Lá se foi seu sonho de vida. Ela se foi como as águas das quedas que visitava agora em sonho; ela se foi como uma força da Natureza e o deixou só com seus filhos, sua esposa até por demais compreensiva e seu dinheiro duramente conquistado. Juanita o deixou e ele ainda voltou ao povoado três vezes, sem encontrar jamais a bela moça. Segundo contam, ela virou uma estrela. Outros contam que em noites de lua cheia, dois belos diamantes surgem no céu ao lado da lua, como gigantescos olhos de corça, à procura do inútil noivo secreto que nunca mais veio. A realidade é que Juanita se foi para a capital, deixando seus pais desesperados, para voltar anos depois casada com um belo negociante de frutas; Tanto assim que pegou seus pais e os levou do povoado para a cidade grande, onde os dois acabaram ficando até o final de seus dias, orgulhosos dos netos que cresciam como se houvessem tomado fermento. Um deles se chamava Manuel, outro se chamava Ramon mas a menininha era Juanita quando pequena, uma réplica linda de uma certa moça que aos quinze anos encantou Manuel Quesada e que agora, ao virar a rua, dera com ele andando alquebrado indo para sua casa e ele parou ensimesmado com aquela moça de doze anos com um perfume delicioso em seus cabelos.

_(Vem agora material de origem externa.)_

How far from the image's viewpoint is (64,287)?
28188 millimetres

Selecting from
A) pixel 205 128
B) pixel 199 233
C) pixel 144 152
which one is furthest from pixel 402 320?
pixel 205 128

--Perdoe-me; como é seu nome?
--Juanita!
--Você está indo para a escola?
--Sim.
--Posso levar você?
--Muito obrigado. Minha mãe me espera logo ali.

A visão de Juanita e sua filha o fizeram sorrir. O tempo passara mas ele afinal se deu o direito de apenas olhar e ver que certas coisas são mesmo feitas por Deus nesta terra. Ninguém pode discutir isso.